Hi!
On Tue, Sep 07, 2021 at 03:12:36AM -0400, Michael Meissner wrote:
> [PATCH] Fix SFmode subreg of DImode and TImode
>
> This patch fixes the breakage in the PowerPC due to a recent change in SUBREG
> behavior.
But what was that change? And was that intentional? If so, why wasn't
it documented, was the existing behaviour considered buggy? But the
documentation agrees with the previous behaviour afaics.
> While it is arguable that the patch that caused the breakage should
> be reverted, this patch should be a bandage to prevent these changes from
> happening again.
NAK. This patch will likely cause us to generate worse code. If that
is not the case it will need a long, in-depth explanation of why not.
Sorry.
> I first noticed it in building the Spec 2017 wrf_r and blender_r
> benchmarks. Once I applied this patch, I also noticed several of the
> tests now pass.
>
> The core of the problem is we need to treat SUBREG's of SFmode and SImode
> specially on the PowerPC. This is due to the fact that SFmode values that are
> in the vector and floating point registers are represented as DFmode. When we
> want to do a direct move between the GPR registers and the vector registers,
> we
> have to convert the value from the DFmode representation to/from the SFmode
> representation.
The core of the problem is that subreg of pseudos has three meanings:
-- Paradoxical subregs;
-- Actual subregs;
-- "bit_cast" thingies: treat the same bits as something else. Like
looking at the bits of a float as its memory image.
Ignoring paradoxical subregs (as well as subregs of mem, which should
have disappeared by now), and subregs of hard registers as well (those
have *different* semantics after all), the other two kinds can be mixed,
and *have to* be mixed, because subregs of subregs are non-canonical.
Is there any reason why not to allow this kind of subreg?
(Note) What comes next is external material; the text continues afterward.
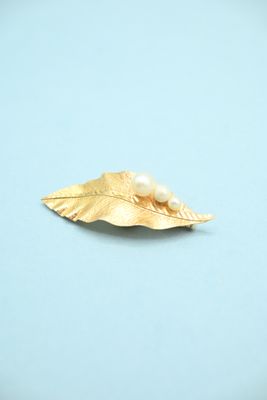 a gold leaf with a pearl on it on a blue surface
If we want to not allow mixing bit_cast with subregs, we should make it
its own RTL code.
> + /* In case we are given a SUBREG for a larger type, reduce it to
> + SImode. */
> + if (mode == SFmode && GET_MODE_SIZE (inner_mode) > 4)
> + {
> + rtx tmp = gen_reg_rtx (SImode);
> + emit_move_insn (tmp, gen_lowpart (SImode, source));
> + emit_insn (gen_movsf_from_si (dest, tmp));
> + return true;
> + }
This makes it two separate insns. Is that always optimised to code that
is at least as good as before?
Segher